• **WHAT YOU NEED TO DO**
Search the data for "between". Each line containing it is to be copied.

• **MATERIAL PROVIDED**
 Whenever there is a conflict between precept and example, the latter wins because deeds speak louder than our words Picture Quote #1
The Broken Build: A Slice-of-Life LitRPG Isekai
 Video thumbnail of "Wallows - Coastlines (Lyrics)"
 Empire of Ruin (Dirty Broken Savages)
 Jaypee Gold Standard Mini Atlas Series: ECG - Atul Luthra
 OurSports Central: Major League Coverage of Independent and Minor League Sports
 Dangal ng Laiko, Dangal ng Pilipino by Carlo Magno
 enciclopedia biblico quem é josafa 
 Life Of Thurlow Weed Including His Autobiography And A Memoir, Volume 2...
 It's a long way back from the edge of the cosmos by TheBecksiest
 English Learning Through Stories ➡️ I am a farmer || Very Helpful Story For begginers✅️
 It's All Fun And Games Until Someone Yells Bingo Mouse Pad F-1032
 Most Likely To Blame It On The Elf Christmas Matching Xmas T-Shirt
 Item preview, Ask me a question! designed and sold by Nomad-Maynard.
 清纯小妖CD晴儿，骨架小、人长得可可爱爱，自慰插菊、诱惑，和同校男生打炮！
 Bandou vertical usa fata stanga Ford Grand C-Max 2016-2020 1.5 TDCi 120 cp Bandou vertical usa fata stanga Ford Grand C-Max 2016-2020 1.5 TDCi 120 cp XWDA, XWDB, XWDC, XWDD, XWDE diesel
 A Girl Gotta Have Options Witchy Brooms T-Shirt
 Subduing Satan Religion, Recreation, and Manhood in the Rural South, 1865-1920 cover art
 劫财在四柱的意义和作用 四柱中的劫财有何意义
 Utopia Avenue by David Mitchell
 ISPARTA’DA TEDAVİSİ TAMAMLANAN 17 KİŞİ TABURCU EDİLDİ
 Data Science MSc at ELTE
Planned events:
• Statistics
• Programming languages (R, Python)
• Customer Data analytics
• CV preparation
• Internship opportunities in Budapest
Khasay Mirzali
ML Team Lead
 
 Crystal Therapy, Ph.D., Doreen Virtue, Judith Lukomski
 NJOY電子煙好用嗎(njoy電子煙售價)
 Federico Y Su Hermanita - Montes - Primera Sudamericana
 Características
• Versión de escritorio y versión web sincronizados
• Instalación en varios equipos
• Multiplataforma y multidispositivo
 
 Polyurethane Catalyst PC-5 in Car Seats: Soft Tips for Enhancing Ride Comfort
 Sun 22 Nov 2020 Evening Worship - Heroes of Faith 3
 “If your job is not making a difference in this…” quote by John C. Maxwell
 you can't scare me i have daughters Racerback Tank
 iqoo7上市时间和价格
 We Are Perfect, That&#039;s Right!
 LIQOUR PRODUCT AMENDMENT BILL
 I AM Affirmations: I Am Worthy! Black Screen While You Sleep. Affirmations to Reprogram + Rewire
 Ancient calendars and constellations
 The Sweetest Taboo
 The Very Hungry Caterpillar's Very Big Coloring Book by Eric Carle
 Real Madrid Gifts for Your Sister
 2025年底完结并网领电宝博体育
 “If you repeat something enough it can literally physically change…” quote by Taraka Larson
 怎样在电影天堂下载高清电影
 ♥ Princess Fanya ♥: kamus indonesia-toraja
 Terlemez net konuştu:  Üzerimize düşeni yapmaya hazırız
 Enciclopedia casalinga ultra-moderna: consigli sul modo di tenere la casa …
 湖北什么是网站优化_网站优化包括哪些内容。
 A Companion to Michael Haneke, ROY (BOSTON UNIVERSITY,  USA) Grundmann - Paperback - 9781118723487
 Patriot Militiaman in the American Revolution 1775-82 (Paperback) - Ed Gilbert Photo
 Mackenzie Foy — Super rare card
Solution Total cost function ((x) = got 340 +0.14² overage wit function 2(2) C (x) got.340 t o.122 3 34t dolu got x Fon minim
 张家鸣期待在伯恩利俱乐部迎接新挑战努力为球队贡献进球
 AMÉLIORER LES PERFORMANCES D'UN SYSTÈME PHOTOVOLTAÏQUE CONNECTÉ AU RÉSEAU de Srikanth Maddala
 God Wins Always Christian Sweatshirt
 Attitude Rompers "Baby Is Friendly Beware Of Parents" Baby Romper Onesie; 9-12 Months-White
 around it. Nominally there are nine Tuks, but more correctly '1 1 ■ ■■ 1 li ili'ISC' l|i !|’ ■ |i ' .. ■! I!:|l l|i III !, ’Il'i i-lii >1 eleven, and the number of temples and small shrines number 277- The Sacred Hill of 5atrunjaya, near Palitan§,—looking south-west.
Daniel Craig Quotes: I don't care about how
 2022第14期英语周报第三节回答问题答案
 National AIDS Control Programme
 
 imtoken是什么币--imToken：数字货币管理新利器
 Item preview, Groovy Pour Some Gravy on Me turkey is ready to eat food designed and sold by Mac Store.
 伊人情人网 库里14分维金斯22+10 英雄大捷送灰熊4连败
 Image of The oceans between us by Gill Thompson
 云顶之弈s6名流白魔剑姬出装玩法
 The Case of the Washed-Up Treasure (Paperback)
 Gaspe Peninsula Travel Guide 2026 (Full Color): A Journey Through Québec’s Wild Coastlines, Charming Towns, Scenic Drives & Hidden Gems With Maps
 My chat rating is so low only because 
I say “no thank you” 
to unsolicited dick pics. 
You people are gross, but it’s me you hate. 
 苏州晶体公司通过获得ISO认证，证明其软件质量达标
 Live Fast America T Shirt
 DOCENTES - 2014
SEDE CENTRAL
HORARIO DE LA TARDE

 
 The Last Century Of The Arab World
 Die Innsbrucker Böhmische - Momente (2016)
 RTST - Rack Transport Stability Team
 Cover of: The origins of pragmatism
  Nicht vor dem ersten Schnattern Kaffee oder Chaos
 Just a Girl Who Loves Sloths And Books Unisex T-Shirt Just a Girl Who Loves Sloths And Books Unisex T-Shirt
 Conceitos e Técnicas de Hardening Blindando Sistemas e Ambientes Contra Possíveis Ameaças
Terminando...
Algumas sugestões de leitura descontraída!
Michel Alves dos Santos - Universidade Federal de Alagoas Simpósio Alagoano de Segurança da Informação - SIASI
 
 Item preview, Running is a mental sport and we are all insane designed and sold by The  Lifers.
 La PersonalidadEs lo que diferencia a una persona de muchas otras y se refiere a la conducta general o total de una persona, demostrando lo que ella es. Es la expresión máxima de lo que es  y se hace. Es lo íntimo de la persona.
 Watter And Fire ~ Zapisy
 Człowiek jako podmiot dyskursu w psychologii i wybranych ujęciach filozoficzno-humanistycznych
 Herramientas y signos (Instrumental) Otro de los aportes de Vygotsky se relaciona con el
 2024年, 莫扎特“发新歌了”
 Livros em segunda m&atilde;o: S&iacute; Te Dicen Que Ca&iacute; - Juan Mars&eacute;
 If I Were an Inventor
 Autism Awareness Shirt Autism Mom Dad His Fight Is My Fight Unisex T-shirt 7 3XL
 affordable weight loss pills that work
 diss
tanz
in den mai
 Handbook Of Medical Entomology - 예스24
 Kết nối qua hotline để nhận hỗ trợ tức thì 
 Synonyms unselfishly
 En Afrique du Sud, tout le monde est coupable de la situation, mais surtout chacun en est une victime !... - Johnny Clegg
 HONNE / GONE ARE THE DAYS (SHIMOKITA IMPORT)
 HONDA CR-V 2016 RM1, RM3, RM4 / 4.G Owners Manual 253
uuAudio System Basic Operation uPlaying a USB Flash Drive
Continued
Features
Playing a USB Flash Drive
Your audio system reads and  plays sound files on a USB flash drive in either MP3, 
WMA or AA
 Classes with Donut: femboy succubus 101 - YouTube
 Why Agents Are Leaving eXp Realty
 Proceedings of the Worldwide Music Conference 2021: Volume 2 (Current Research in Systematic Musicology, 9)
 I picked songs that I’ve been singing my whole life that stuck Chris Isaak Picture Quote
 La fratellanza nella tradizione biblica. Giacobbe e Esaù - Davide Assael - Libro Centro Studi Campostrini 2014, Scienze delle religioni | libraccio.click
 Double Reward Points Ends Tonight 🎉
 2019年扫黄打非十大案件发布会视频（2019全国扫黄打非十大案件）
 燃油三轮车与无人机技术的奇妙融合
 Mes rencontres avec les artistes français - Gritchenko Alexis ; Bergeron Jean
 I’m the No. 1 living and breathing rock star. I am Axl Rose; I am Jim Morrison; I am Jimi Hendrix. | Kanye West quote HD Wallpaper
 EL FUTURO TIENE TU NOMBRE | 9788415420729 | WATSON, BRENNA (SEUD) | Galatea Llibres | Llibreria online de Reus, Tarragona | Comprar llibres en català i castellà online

• **WRITTEN ANSWER**
 Whenever there is a conflict between precept and example, the latter wins because deeds speak louder than our words Picture Quote #1
 Image of The oceans between us by Gill Thompson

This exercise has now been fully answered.